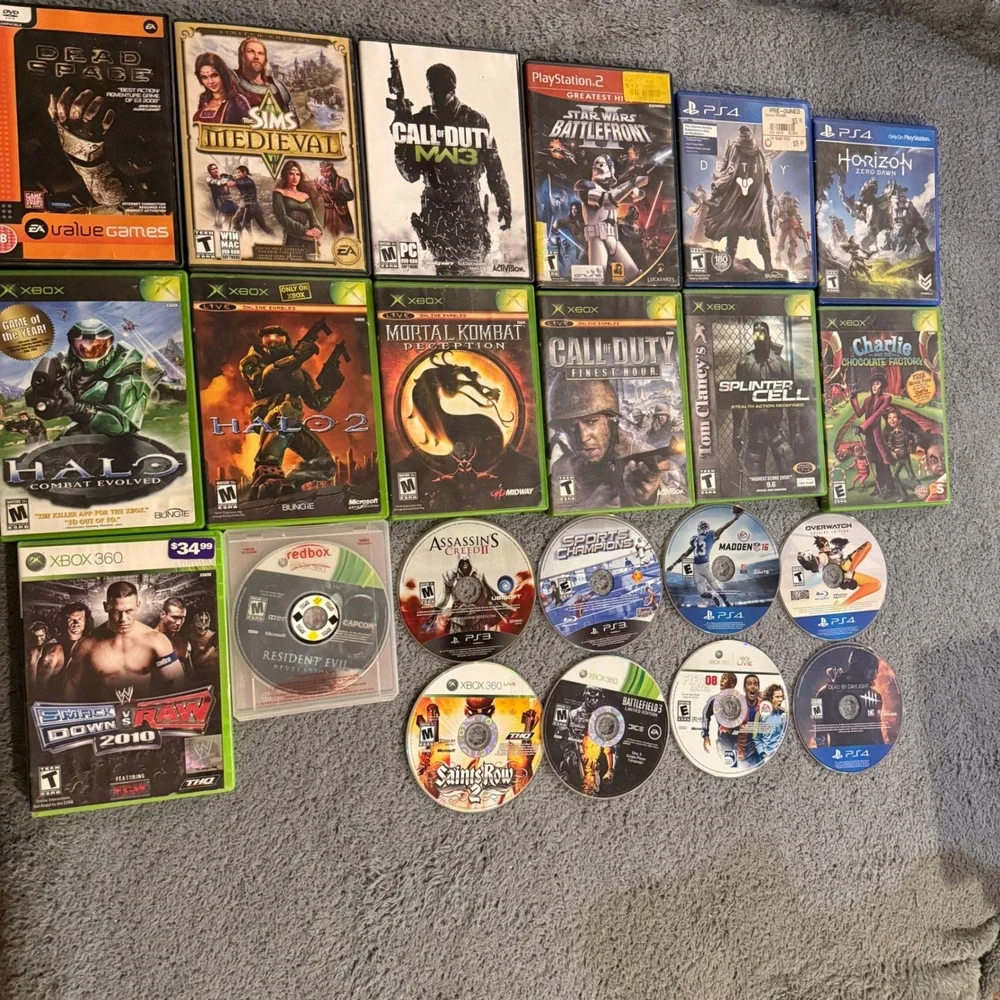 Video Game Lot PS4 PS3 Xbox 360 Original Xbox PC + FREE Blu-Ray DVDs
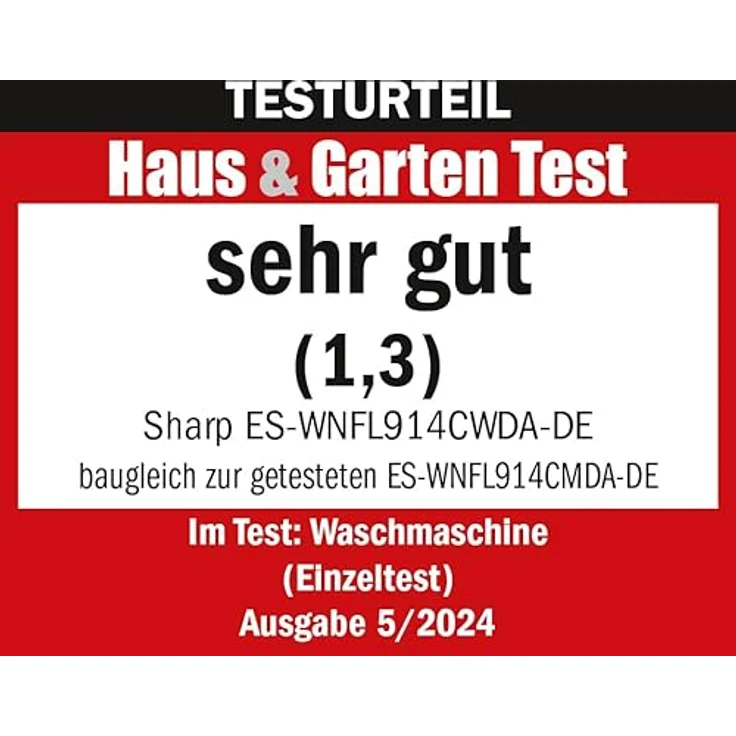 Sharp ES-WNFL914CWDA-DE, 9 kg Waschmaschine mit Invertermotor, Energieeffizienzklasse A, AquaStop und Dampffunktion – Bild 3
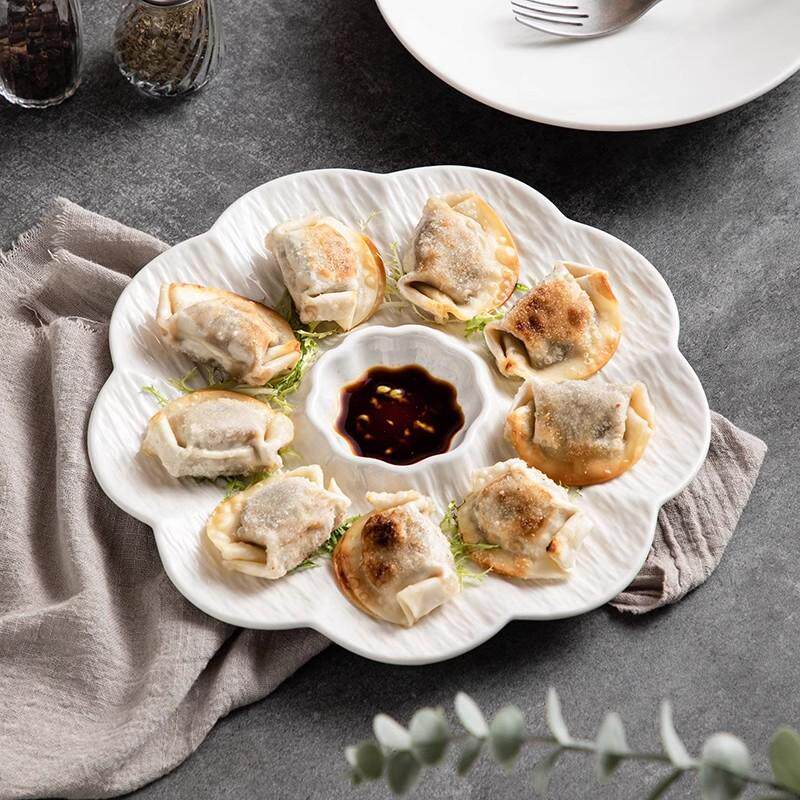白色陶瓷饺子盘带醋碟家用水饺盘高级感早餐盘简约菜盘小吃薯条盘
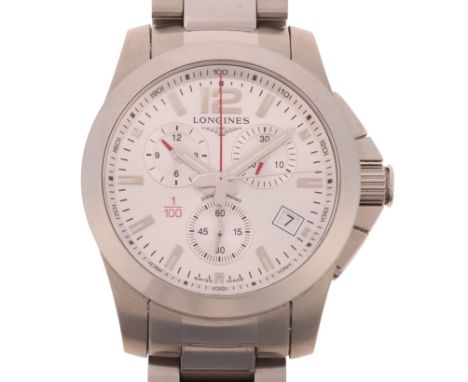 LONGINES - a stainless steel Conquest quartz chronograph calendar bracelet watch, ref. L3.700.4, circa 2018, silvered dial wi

▶ Work instructions
Here the lines from the one containing "Sharp ES-WNFL914CWDA-DE, 9" through the end of the material are to be copied exactly, with the pictures omitted.

▶ Response
 Sharp ES-WNFL914CWDA-DE, 9 kg Waschmaschine mit Invertermotor, Energieeffizienzklasse A, AquaStop und Dampffunktion – Bild 3
白色陶瓷饺子盘带醋碟家用水饺盘高级感早餐盘简约菜盘小吃薯条盘
 LONGINES - a stainless steel Conquest quartz chronograph calendar bracelet watch, ref. L3.700.4, circa 2018, silvered dial wi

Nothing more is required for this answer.